Requirement:
From the first line to the last, copy the material exactly and leave the pictures out.

Input data:
_ _ _

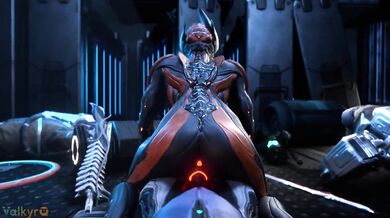 The Exploration of a Valkyrs Orgasmic Capacity Through Extensive Testing and Fierce Fucking in the World of Warframe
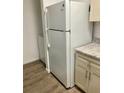 White refrigerator in the kitchen at 315 Lakepointe Dr # 302, Altamonte Springs, FL 32701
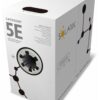 Instalační kabel Solarix CAT5E UTP PE Fca venkovní 305m/box SXKD-5E-UTP-PE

_ _ _

Answer to this problem:
 The Exploration of a Valkyrs Orgasmic Capacity Through Extensive Testing and Fierce Fucking in the World of Warframe
 White refrigerator in the kitchen at 315 Lakepointe Dr # 302, Altamonte Springs, FL 32701
 Instalační kabel Solarix CAT5E UTP PE Fca venkovní 305m/box SXKD-5E-UTP-PE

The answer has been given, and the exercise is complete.